(Stored dataset items)
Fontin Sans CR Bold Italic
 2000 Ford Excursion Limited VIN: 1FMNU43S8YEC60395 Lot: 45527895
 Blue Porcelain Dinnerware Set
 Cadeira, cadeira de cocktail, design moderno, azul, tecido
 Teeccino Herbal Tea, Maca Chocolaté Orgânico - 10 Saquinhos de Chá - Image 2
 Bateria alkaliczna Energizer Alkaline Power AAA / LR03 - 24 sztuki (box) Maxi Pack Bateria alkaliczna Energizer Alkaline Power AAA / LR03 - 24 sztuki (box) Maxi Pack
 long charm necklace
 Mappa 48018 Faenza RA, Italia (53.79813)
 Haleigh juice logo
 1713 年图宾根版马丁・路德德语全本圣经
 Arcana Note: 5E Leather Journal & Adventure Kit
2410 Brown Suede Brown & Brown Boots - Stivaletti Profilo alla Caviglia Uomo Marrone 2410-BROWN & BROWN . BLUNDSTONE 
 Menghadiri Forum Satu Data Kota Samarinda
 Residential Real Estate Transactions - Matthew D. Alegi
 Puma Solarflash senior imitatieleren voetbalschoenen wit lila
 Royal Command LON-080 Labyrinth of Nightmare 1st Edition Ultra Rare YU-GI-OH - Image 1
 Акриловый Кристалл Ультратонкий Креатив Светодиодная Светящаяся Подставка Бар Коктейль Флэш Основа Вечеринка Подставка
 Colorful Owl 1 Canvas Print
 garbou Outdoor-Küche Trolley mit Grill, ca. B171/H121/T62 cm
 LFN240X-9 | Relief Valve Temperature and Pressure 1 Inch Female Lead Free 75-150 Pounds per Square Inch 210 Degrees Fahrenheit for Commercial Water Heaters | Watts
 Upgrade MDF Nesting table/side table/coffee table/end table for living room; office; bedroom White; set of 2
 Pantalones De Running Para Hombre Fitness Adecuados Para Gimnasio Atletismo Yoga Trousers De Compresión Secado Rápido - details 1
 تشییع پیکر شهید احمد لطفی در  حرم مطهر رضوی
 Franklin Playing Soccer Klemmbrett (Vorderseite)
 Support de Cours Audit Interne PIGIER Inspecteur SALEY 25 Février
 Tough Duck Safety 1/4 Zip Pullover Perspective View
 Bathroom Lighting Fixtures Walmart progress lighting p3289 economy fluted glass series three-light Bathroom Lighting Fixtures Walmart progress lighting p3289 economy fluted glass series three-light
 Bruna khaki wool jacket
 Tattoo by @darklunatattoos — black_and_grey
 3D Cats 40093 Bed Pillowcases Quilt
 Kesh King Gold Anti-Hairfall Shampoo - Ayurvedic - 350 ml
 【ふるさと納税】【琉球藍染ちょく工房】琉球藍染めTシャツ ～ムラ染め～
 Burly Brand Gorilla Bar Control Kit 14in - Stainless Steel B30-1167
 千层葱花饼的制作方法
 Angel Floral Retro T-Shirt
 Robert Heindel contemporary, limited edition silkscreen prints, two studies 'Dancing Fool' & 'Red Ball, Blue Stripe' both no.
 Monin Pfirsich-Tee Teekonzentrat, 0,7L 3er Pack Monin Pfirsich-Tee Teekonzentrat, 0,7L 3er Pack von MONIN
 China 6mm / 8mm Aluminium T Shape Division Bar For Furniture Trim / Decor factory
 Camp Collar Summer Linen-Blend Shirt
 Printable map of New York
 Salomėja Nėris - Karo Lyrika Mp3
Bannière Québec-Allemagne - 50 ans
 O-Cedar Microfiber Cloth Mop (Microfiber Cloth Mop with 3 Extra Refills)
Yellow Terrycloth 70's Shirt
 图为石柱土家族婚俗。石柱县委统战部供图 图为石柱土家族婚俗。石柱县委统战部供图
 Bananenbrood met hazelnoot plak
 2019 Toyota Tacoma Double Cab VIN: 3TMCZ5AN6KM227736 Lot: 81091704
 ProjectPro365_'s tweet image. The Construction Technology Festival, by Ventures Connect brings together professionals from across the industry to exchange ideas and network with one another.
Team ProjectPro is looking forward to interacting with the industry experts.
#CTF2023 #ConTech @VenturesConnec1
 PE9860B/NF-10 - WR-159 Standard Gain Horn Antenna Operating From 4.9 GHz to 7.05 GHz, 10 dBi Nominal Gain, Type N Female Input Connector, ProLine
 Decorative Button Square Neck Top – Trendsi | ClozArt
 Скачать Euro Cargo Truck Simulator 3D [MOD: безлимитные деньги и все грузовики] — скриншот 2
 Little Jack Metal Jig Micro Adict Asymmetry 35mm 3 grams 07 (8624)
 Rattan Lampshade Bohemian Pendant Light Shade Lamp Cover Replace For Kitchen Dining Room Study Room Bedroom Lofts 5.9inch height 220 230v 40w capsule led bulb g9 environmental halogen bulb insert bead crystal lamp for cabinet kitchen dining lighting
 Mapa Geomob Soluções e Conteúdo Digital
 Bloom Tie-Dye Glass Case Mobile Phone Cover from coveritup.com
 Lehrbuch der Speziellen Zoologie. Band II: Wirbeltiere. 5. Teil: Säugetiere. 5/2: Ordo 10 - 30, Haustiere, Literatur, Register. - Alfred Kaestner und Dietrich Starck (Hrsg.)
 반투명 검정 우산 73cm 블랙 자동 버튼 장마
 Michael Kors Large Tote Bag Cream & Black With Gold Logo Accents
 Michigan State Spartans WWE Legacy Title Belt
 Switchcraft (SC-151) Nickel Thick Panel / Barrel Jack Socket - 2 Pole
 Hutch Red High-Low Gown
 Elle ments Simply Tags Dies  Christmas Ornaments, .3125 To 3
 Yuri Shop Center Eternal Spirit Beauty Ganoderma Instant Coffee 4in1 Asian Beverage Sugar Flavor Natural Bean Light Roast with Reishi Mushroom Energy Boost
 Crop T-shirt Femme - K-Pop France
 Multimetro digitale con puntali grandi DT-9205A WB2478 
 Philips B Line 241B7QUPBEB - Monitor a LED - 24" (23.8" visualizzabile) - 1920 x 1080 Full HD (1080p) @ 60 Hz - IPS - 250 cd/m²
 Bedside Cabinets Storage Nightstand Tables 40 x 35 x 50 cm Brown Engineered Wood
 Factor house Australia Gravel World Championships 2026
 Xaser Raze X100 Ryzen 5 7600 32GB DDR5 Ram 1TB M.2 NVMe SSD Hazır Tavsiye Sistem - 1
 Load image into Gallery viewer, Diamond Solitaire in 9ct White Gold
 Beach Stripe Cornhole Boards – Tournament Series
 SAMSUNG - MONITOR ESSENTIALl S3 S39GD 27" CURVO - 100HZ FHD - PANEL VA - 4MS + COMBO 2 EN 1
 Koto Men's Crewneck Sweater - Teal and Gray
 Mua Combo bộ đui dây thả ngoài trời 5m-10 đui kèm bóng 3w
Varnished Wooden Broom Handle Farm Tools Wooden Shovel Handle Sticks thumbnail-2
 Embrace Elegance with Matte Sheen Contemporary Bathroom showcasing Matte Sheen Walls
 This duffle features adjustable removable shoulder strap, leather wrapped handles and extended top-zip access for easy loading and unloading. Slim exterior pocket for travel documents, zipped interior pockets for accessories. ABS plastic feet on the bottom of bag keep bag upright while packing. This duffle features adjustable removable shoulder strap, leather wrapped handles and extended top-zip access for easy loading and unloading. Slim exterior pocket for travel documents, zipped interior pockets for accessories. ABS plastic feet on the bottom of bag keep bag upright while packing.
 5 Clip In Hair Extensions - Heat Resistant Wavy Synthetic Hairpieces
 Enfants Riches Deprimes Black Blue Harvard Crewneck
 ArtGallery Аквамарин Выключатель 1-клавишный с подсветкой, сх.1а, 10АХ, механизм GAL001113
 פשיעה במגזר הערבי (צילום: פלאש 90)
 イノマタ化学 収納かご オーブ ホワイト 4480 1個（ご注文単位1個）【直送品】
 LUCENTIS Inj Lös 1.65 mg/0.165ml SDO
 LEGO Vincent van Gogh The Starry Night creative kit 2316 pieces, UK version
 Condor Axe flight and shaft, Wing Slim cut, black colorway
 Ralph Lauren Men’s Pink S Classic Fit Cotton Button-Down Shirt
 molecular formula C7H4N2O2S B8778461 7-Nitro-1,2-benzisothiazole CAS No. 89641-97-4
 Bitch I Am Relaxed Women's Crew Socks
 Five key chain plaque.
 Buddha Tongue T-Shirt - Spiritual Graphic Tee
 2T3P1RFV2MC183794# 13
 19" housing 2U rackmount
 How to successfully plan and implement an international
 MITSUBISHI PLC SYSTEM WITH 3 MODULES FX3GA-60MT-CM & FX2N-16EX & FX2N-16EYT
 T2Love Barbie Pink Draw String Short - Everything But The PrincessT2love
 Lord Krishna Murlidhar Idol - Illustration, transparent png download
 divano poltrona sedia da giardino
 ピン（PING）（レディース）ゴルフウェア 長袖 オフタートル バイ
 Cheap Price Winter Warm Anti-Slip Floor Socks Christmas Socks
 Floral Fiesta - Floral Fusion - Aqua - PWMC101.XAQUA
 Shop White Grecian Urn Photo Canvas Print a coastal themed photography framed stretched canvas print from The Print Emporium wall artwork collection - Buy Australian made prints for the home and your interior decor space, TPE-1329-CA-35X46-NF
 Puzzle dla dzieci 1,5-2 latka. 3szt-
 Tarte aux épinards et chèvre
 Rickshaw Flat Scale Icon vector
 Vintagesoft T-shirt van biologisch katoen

Exercise objective: Every line above from the line with "Beach Stripe Cornhole" to the line with "How to successfully", inclusive, must be returned exactly; no other line belongs in the reply.

Output for this exercise:
 Beach Stripe Cornhole Boards – Tournament Series
 SAMSUNG - MONITOR ESSENTIALl S3 S39GD 27" CURVO - 100HZ FHD - PANEL VA - 4MS + COMBO 2 EN 1
 Koto Men's Crewneck Sweater - Teal and Gray
 Mua Combo bộ đui dây thả ngoài trời 5m-10 đui kèm bóng 3w
Varnished Wooden Broom Handle Farm Tools Wooden Shovel Handle Sticks thumbnail-2
 Embrace Elegance with Matte Sheen Contemporary Bathroom showcasing Matte Sheen Walls
 This duffle features adjustable removable shoulder strap, leather wrapped handles and extended top-zip access for easy loading and unloading. Slim exterior pocket for travel documents, zipped interior pockets for accessories. ABS plastic feet on the bottom of bag keep bag upright while packing. This duffle features adjustable removable shoulder strap, leather wrapped handles and extended top-zip access for easy loading and unloading. Slim exterior pocket for travel documents, zipped interior pockets for accessories. ABS plastic feet on the bottom of bag keep bag upright while packing.
 5 Clip In Hair Extensions - Heat Resistant Wavy Synthetic Hairpieces
 Enfants Riches Deprimes Black Blue Harvard Crewneck
 ArtGallery Аквамарин Выключатель 1-клавишный с подсветкой, сх.1а, 10АХ, механизм GAL001113
 פשיעה במגזר הערבי (צילום: פלאש 90)
 イノマタ化学 収納かご オーブ ホワイト 4480 1個（ご注文単位1個）【直送品】
 LUCENTIS Inj Lös 1.65 mg/0.165ml SDO
 LEGO Vincent van Gogh The Starry Night creative kit 2316 pieces, UK version
 Condor Axe flight and shaft, Wing Slim cut, black colorway
 Ralph Lauren Men’s Pink S Classic Fit Cotton Button-Down Shirt
 molecular formula C7H4N2O2S B8778461 7-Nitro-1,2-benzisothiazole CAS No. 89641-97-4
 Bitch I Am Relaxed Women's Crew Socks
 Five key chain plaque.
 Buddha Tongue T-Shirt - Spiritual Graphic Tee
 2T3P1RFV2MC183794# 13
 19" housing 2U rackmount
 How to successfully plan and implement an international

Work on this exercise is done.